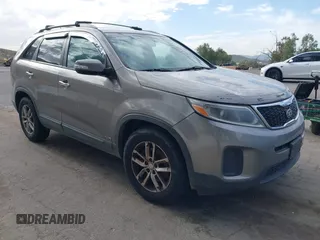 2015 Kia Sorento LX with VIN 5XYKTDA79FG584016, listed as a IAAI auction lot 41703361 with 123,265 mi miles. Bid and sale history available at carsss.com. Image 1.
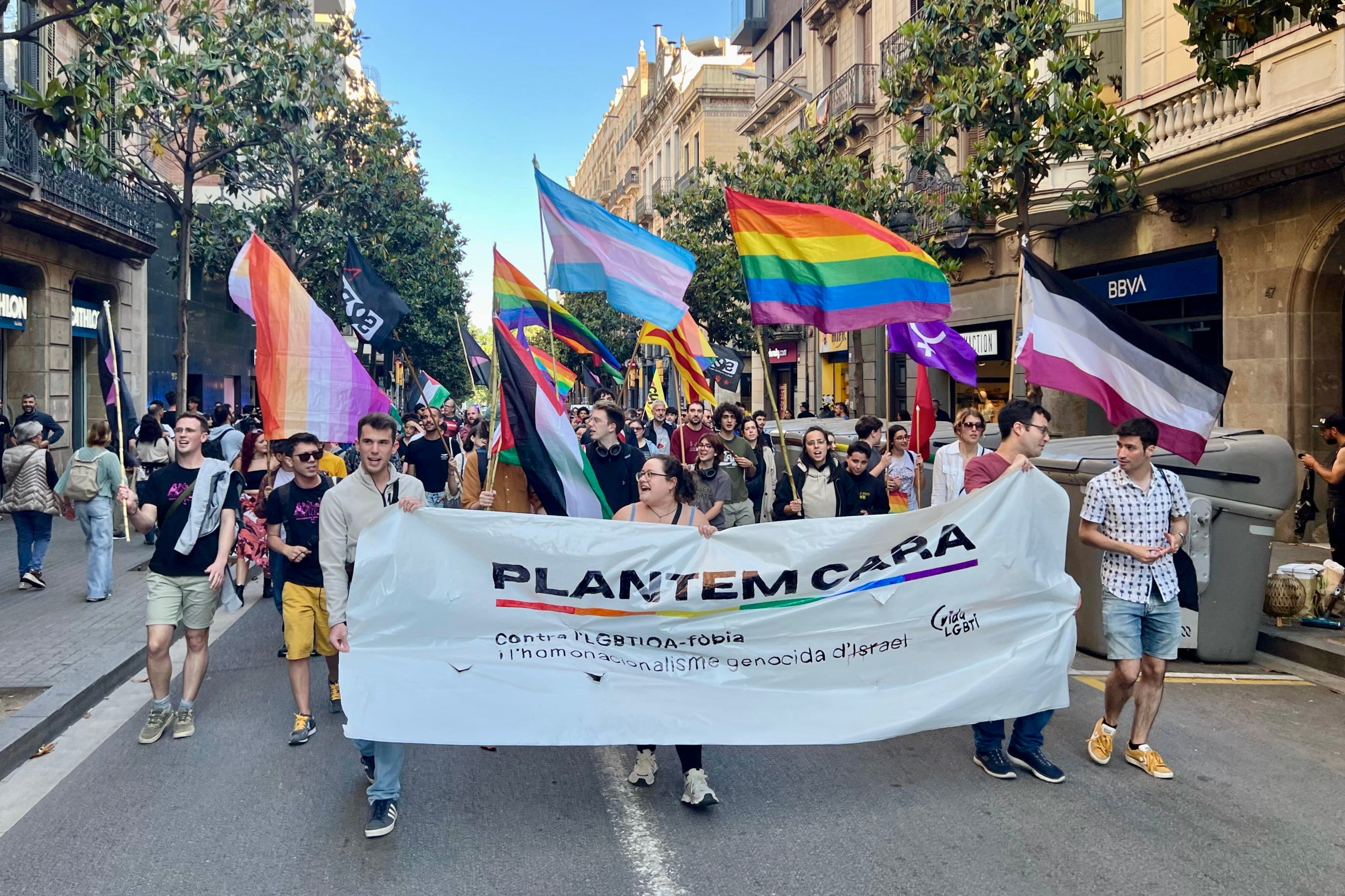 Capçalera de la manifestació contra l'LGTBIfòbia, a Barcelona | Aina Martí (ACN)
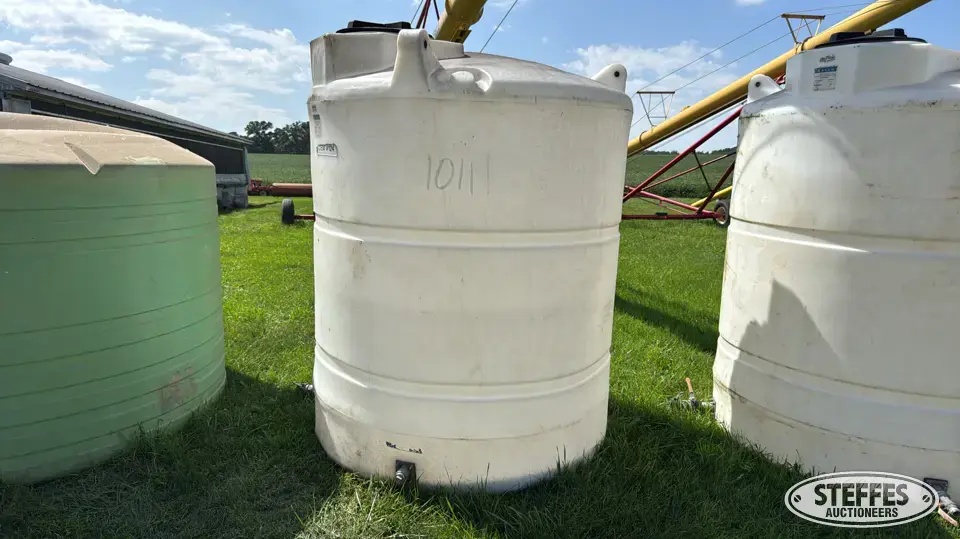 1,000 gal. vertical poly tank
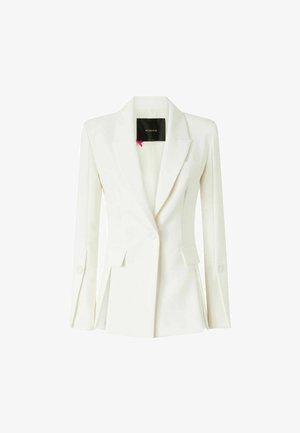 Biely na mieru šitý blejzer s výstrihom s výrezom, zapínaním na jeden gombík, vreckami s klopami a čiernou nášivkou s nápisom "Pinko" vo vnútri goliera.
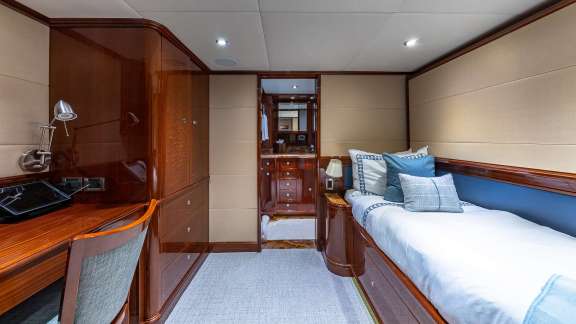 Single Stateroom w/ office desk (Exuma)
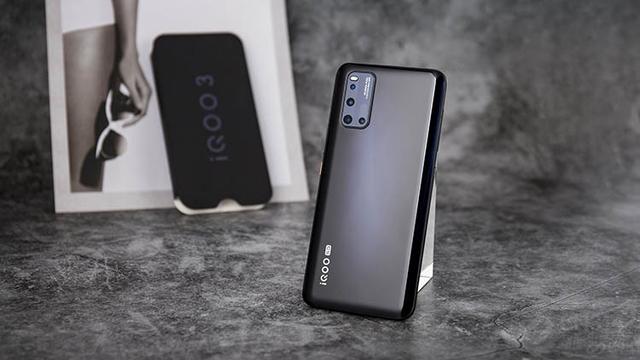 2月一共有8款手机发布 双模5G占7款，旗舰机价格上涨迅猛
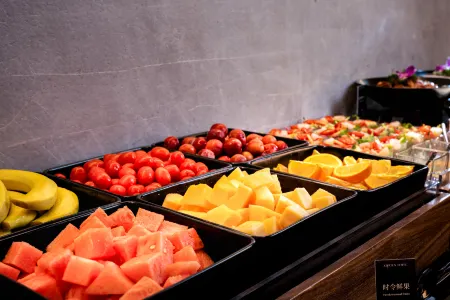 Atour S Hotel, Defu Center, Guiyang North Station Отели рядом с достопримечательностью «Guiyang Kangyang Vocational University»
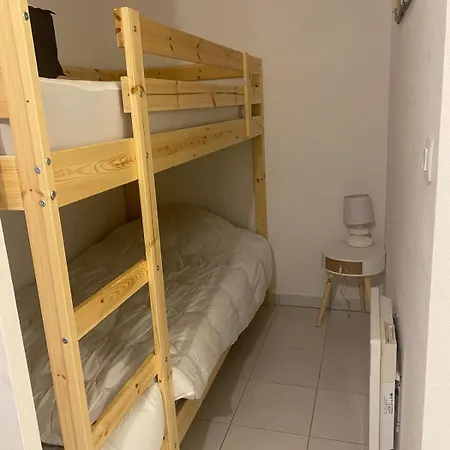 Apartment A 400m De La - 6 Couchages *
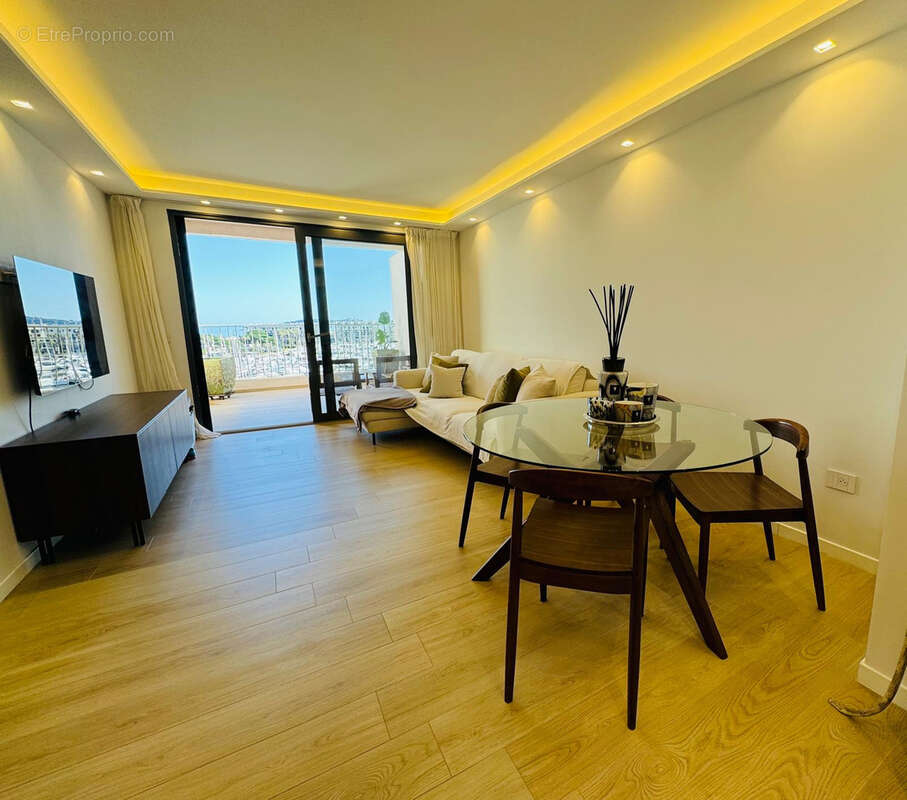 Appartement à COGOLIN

================================

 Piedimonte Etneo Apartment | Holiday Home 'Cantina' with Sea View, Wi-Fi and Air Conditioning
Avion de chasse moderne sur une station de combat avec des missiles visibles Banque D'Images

================================

_ABOUT THIS TASK_:
Each line above starting at the one holding "Apartment A 400m De La - 6 Couchages *" and ending at the one holding "Appartement à COGOLIN" should be set down exactly as it stands, both ends included, with no pictures.

_OUTPUT BELOW_:
 Apartment A 400m De La - 6 Couchages *
 Appartement à COGOLIN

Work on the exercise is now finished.